American media executive

Marsha Cooke is a journalist and television executive serving as vice president and executive producer of ESPN Films, where she also oversees the 30 for 30 documentary film unit. Her work has been recognized by the National Academy of Television Arts and Sciences (NATAS) including a 2010 Emmy Award for her work on the CBS Evening News With Katie Couric.

== Early life and education ==
Cooke is the daughter of Jamaican immigrants, and grew up in the Bronx borough in New York City. She is a 1987 graduate of Temple University, where she is also a recipient of the Lew Klein Media Award, and a 2018 inductee into Temple's Alumni Hall of Fame and Gallery of Success.

== Career ==
Cooke joined CBS News in 1993 as a news producer, and worked for 24 years with the network. She was CBS News's first Black Asia Bureau Chief.
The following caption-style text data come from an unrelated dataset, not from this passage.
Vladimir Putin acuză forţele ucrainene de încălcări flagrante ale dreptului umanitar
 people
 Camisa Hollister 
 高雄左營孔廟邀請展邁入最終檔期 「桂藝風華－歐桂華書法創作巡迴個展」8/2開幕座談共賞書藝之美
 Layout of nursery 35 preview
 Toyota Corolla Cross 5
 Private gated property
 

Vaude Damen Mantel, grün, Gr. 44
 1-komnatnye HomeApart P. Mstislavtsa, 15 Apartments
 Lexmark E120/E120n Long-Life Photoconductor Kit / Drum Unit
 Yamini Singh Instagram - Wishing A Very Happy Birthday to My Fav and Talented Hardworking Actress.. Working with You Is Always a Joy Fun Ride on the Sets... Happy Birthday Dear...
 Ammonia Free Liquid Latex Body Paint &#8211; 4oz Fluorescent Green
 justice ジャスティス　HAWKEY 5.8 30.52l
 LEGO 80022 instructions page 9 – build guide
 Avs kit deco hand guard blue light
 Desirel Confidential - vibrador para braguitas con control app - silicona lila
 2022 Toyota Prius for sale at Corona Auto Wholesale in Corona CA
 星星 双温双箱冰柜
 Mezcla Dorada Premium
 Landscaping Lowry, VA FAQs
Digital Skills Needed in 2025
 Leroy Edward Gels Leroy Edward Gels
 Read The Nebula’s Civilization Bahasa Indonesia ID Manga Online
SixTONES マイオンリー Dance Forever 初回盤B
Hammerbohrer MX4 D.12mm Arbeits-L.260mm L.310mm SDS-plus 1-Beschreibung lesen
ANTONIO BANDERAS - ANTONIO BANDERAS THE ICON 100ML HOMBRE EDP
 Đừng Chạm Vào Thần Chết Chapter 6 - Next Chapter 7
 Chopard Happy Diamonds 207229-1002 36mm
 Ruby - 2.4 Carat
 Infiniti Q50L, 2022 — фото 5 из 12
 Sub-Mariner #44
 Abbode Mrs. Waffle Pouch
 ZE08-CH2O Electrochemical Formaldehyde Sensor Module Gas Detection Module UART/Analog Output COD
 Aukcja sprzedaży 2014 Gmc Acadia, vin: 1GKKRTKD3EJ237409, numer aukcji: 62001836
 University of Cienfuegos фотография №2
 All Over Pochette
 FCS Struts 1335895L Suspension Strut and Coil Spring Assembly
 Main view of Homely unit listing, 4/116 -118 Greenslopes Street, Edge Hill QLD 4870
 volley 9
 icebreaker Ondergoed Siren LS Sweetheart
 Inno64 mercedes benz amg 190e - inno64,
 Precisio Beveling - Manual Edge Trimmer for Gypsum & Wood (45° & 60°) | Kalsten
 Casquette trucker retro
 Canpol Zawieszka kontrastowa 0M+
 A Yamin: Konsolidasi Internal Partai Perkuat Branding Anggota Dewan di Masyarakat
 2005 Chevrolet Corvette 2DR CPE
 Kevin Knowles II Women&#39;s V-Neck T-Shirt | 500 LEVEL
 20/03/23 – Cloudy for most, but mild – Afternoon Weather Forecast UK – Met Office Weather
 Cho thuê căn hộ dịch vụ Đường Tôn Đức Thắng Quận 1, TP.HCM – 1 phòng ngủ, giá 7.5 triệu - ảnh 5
Cooke's first position at CBS News was news producer in the Los Angeles bureau. Over the course of her CBS News career her positions included producer for CBS Evening News With Dan Rather, senior broadcast producer for CBS Evening News with Scott Pelley, and news producer in Tokyo and Beijing from 2006 to 2013. Cooke's work with CBS News earned four News & Documentary Emmy nominations, winning the 2010 award for "Outstanding Business and Economic Reporting in a Regularly Scheduled Newscast" for the "Financial Family Tree" segment. In 2016, Cooke was promoted from executive editor of content at CBSN to vice president of news services overseeing Newspath, a CBS News satellite news gathering organization.

In 2018, Cooke left CBS for the position of senior vice president of content and community strategy at VICE Media Group. In this role, she oversaw the development of special news and entertainment projects across VMG. During her time at VICE, she was also a leader of IMPACT, a branch of VMG focused on social good and responsibility initiatives. In her final year at VICE, Cooke held the position of senior vice president of global news and special projects.

In 2021, Cooke became the vice president and executive producer of ESPN Films. She has produced a variety of film and television projects at ESPN, such as Dickie V and Candace Parker: Unapologetic.